SOSA module: architecture entities are defined that contain SOSA sensor execution functions, which can be instantiated using hardware elements and/or software;

SOSA hardware element: a functional abstraction of the hardware devices integrated into the SOSA sensor is defined.

3. A system of a sensor open architecture incorporating SCA standards as claimed in claim 2, wherein the functions of the system manager include discovery services, configuration services, control services, health management services and security management services.

4. A system of a sensor open architecture incorporating SCA standards as claimed in claim 2 wherein external tasks are accepted in the form of requests in the task manager, which uses information in the requests to optimize, manage and prioritize resources to support tasks in the SOSA sensor.

5. A system of a sensor open architecture incorporating SCA standard as claimed in claim 4, wherein said request comprises:

detailed information: data collection time, data collection location, type of processing, and output product to be generated.

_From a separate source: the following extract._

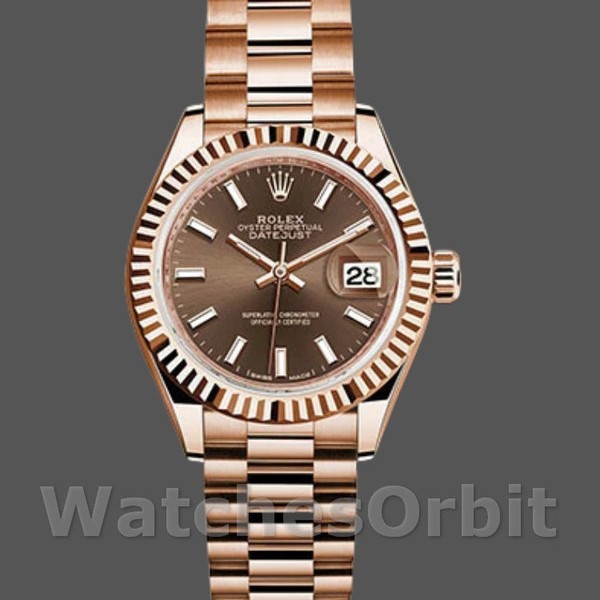Replica Rolex Datejust 279175 Chocolate Index Dial Fluted Bezel 28mm Lady Replica Uhr Feminine Ausstrahlung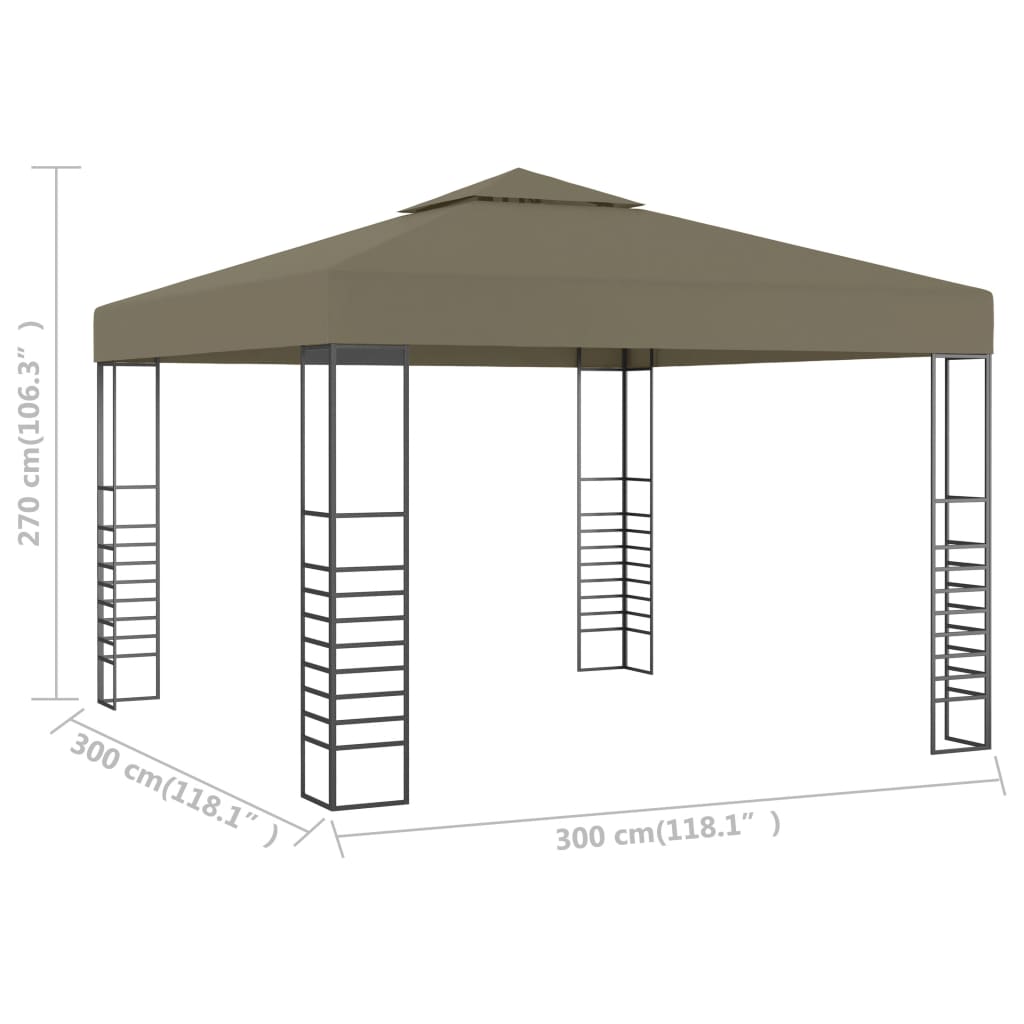 Pavilion de grădină, gri taupe, 3 x 3 m, 180 g/m²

6. A system of a sensor open architecture incorporating SCA standards as claimed in claim 1, wherein a plurality of said host slots comprises:

a plurality of compatible slots: different types of signal unit modules and different types of power amplifier unit modules are supported; the physical interface of each compatible slot connector defines the VITA46/67 VPX standard, and any exchange is realized among slots;

at least one data exchange card slot: the physical interface definition of each data exchange card slot accords with the VITA46 VPX standard, the communication and control functions among the modules are provided through the backboard, the data exchange card slot is a data network exchange center of the whole system, two network exchanges are provided, and the exchanger ports comprise two data ports of DP and CP;

at least one clock slot: the physical interface definition of the clock slot accords with the VITA46 VPX standard, is used for clock management of the whole system, provides clocks to each module through the backboard, and ensures the consistency of clocks of each module of the system;

at least one IPMI management module: as a management unit of the internal equipment of the 3U VPX chassis, the management unit is communicated with the module units of each slot position through an IPMI IIC bus interface to manage the state of the whole chassis equipment;

at least one 3U 8 slot VPX backplane: the physical interface definition of the 3U 8 slot VPX backboard meets the VITA46/48/67 VPX standard.

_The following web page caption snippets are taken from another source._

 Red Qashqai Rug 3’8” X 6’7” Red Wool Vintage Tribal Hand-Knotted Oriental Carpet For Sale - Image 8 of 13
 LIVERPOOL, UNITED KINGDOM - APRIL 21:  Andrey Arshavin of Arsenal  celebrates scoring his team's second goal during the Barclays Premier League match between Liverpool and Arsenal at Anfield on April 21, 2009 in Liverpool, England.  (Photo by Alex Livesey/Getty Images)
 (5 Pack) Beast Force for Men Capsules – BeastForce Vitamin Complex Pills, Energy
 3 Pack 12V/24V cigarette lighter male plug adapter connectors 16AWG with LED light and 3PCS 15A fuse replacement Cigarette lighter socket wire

7. A system of a sensor open architecture incorporating SCA standards as claimed in claim 1, wherein said signal unit module comprises a plurality of connector physical interfaces;

wherein, the physical interface VPX P0 of the connector is defined to be in accordance with the VITA46 VPX standard, and the interface is defined to be in accordance with the single board power supply, IPMI interface and reference clock definition of SOSA standard;

the physical interface VPX P1 of the connector is defined to be in accordance with the VITA46 VPX standard, and the interface definition comprises a communication mode between the module and the main control unit and between the module and the exchange unit through the backboard;

connector physical interface VPX P2 is defined to conform to VITA67 VPX standard, providing a signal processing unit RF radio frequency transceiver interface.